## DATASET EXTRACT
##########

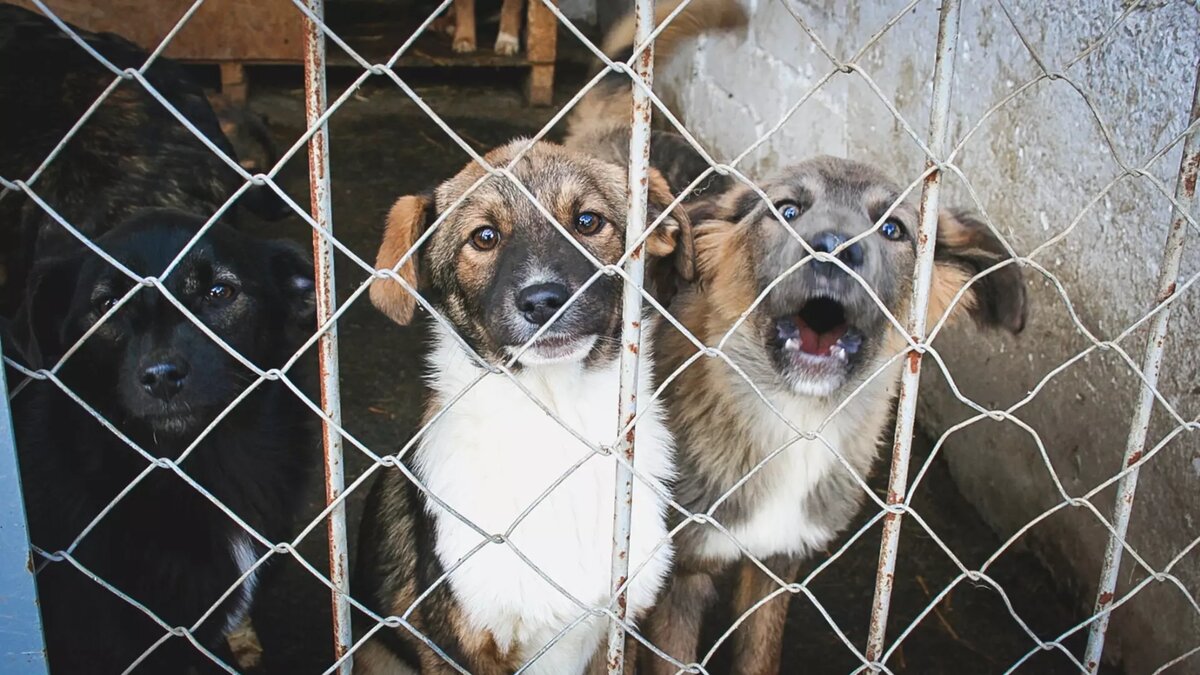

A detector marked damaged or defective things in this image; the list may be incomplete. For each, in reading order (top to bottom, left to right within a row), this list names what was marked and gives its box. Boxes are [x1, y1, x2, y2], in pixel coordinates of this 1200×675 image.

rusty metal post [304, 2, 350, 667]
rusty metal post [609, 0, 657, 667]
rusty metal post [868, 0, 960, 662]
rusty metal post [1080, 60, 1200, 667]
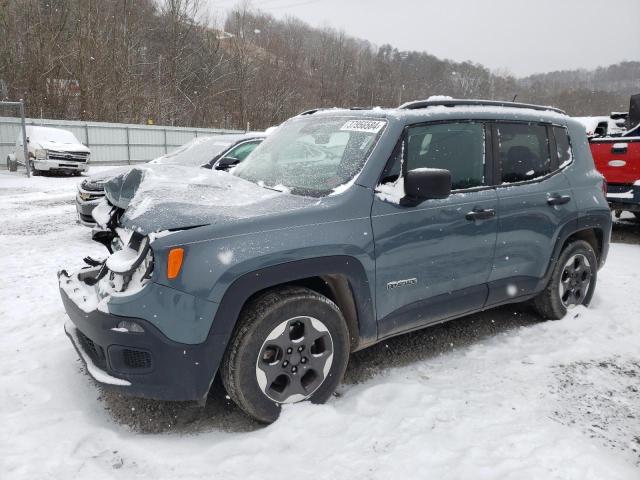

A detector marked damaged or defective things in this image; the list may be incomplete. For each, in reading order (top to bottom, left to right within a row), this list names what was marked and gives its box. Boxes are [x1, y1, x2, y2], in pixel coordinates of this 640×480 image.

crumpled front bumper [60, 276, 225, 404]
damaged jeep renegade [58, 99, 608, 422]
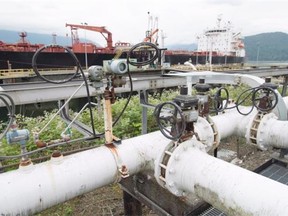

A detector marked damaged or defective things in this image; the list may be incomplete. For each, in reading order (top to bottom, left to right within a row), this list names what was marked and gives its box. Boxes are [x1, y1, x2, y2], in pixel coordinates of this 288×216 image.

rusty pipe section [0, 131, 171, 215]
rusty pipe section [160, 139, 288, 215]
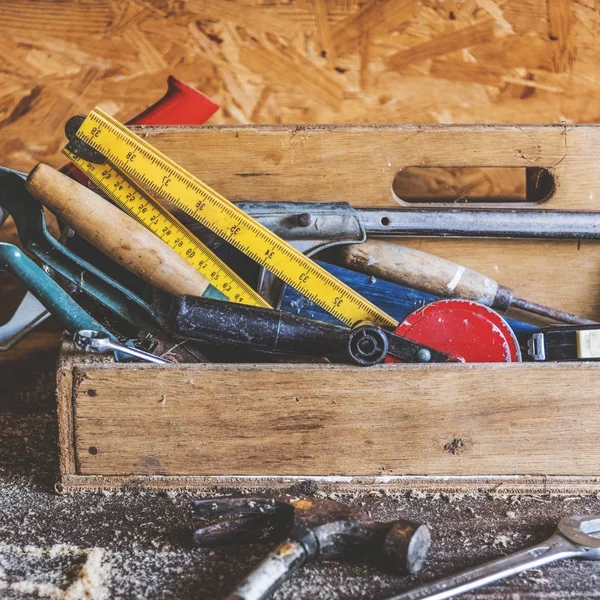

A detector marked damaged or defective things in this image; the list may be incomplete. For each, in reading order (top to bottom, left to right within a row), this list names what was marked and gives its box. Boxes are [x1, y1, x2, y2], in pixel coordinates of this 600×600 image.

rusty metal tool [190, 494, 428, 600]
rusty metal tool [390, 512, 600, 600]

##########

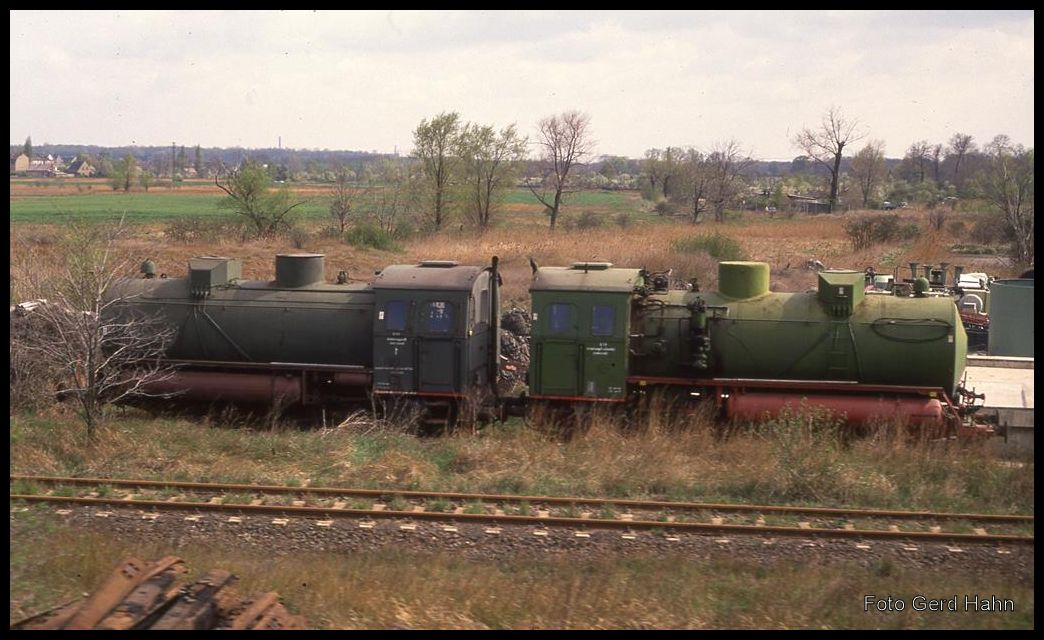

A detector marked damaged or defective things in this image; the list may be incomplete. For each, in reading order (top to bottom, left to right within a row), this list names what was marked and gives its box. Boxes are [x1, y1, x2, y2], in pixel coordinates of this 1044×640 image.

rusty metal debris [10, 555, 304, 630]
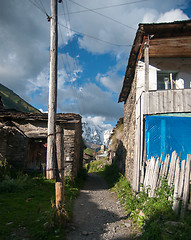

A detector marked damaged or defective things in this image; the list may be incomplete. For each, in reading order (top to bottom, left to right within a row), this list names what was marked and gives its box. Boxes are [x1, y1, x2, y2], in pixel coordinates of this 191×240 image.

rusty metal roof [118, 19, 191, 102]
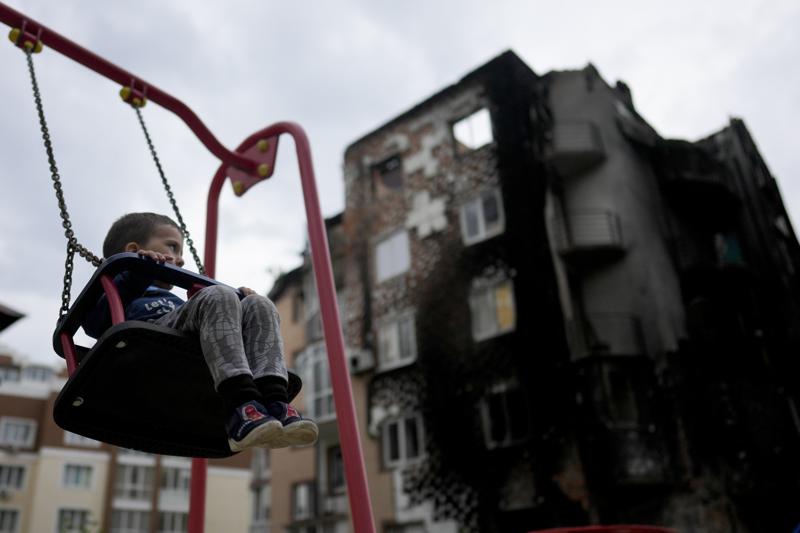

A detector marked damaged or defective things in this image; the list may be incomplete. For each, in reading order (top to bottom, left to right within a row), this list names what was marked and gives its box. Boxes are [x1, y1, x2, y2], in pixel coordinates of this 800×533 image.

##########

## ACTIVITY
Please return the material above only from the line that holds "this 191×240 image." through the line that holds "this 800×533 image.", exactly as it stands, ends included and pictures omitted.

## WRITTEN RESPONSE
A detector marked damaged or defective things in this image; the list may be incomplete. For each, in reading order (top to bottom, left to right within a row), this list names what was marked and gives its box. Boxes are [x1, y1, x2, y2], in pixel coordinates of this 191×240 image.

rusty metal roof [118, 19, 191, 102]

A detector marked damaged or defective things in this image; the list may be incomplete. For each, in reading order (top to bottom, left to right within a row), this list names what was marked and gives its box. Boxes are [x1, y1, x2, y2], in pixel coordinates of this 800×533 image.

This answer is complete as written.